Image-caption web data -
####
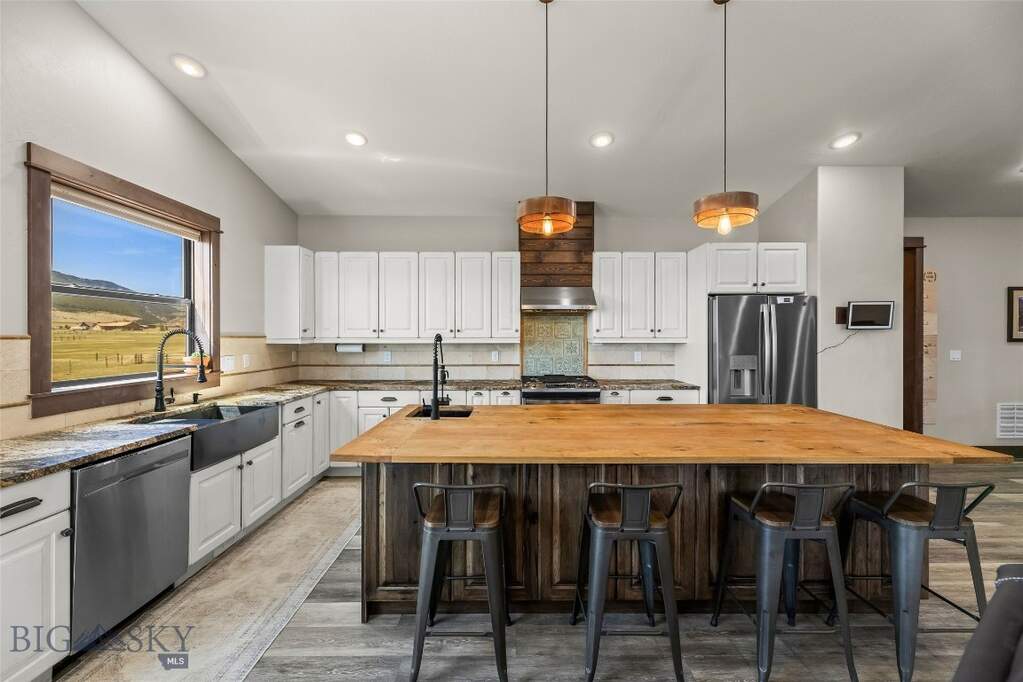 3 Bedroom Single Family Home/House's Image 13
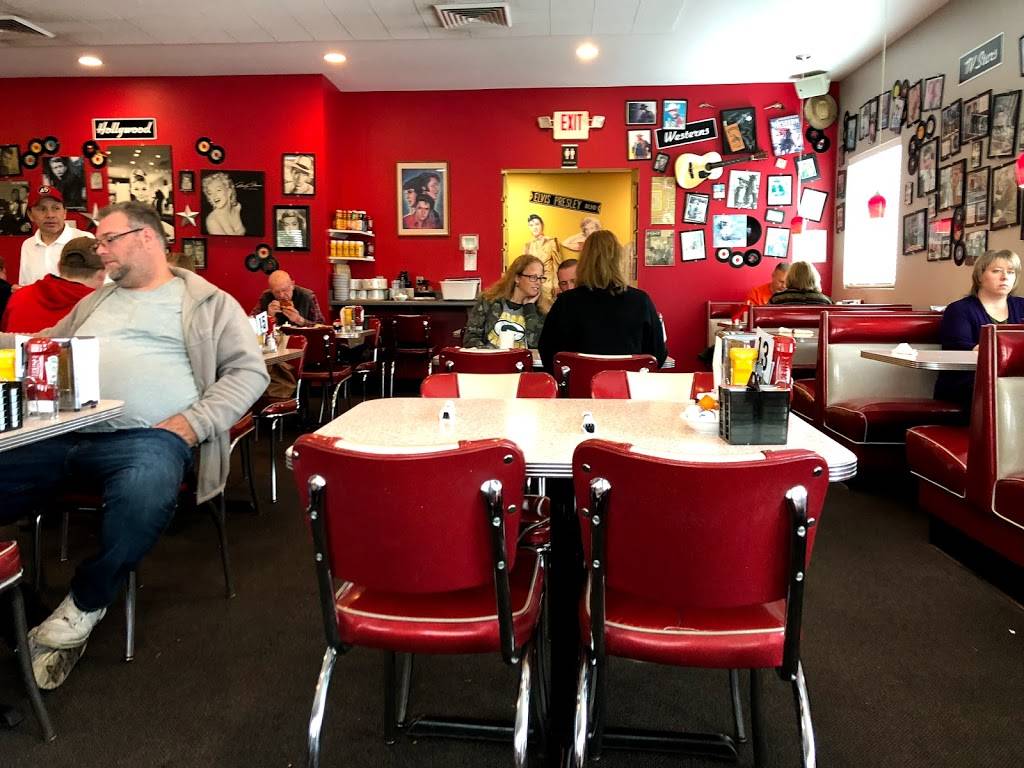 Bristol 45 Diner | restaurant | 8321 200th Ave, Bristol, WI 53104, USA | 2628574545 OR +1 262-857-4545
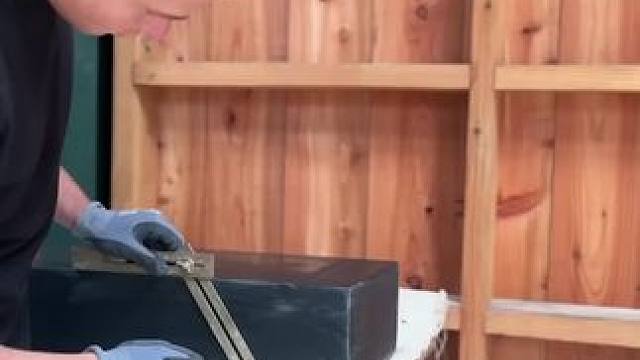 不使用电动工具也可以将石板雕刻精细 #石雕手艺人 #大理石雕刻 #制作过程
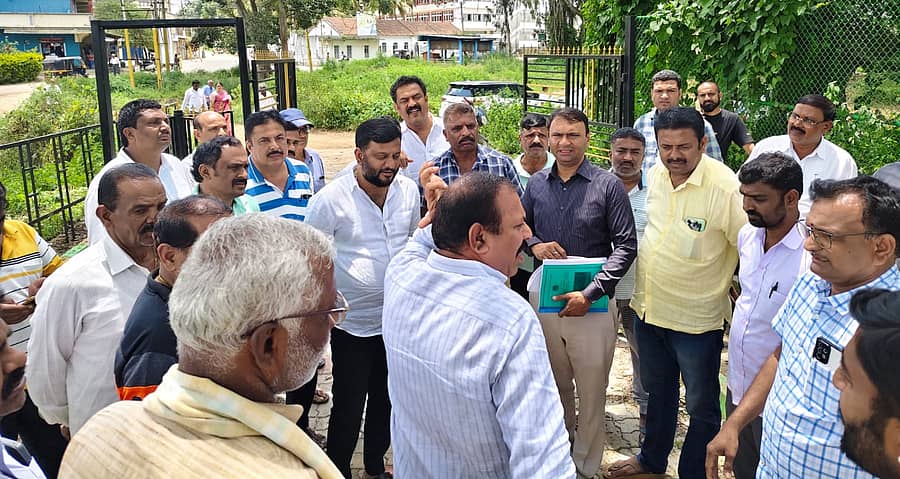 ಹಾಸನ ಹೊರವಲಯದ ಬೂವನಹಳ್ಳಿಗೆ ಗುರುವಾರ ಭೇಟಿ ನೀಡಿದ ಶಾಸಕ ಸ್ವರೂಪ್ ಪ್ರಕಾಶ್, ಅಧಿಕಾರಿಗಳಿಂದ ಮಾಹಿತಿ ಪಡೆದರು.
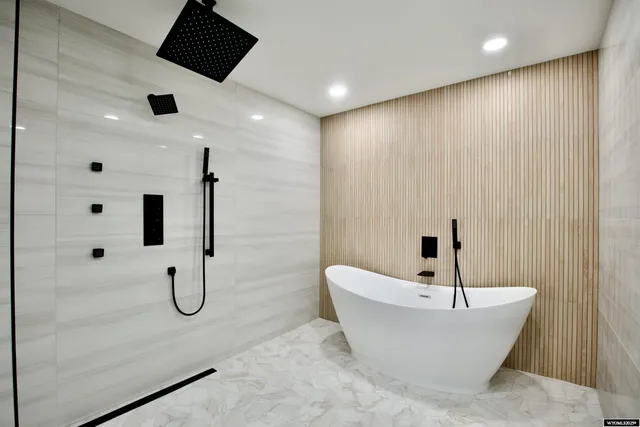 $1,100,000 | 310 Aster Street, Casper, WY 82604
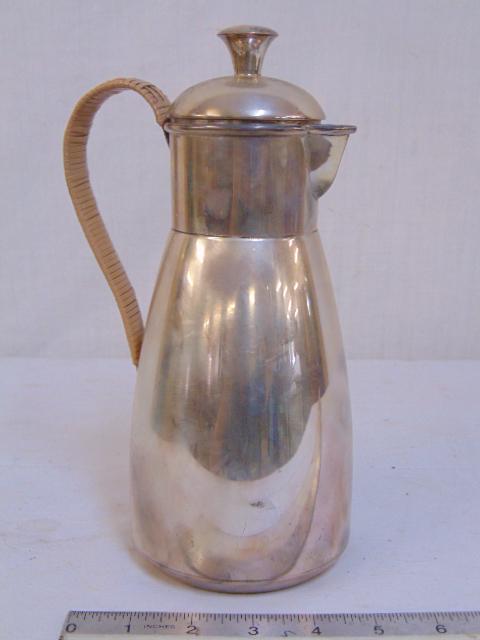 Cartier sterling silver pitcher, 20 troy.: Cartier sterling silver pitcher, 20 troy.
####
What you are asked to do - Go back to the line containing "ಹಾಸನ ಹೊರವಲಯದ ಬೂವನಹಳ್ಳಿಗೆ" and output it and every line after it through the end of the records, exactly, but not the pictures.

Worked solution -
 ಹಾಸನ ಹೊರವಲಯದ ಬೂವನಹಳ್ಳಿಗೆ ಗುರುವಾರ ಭೇಟಿ ನೀಡಿದ ಶಾಸಕ ಸ್ವರೂಪ್ ಪ್ರಕಾಶ್, ಅಧಿಕಾರಿಗಳಿಂದ ಮಾಹಿತಿ ಪಡೆದರು.
 $1,100,000 | 310 Aster Street, Casper, WY 82604
 Cartier sterling silver pitcher, 20 troy.: Cartier sterling silver pitcher, 20 troy.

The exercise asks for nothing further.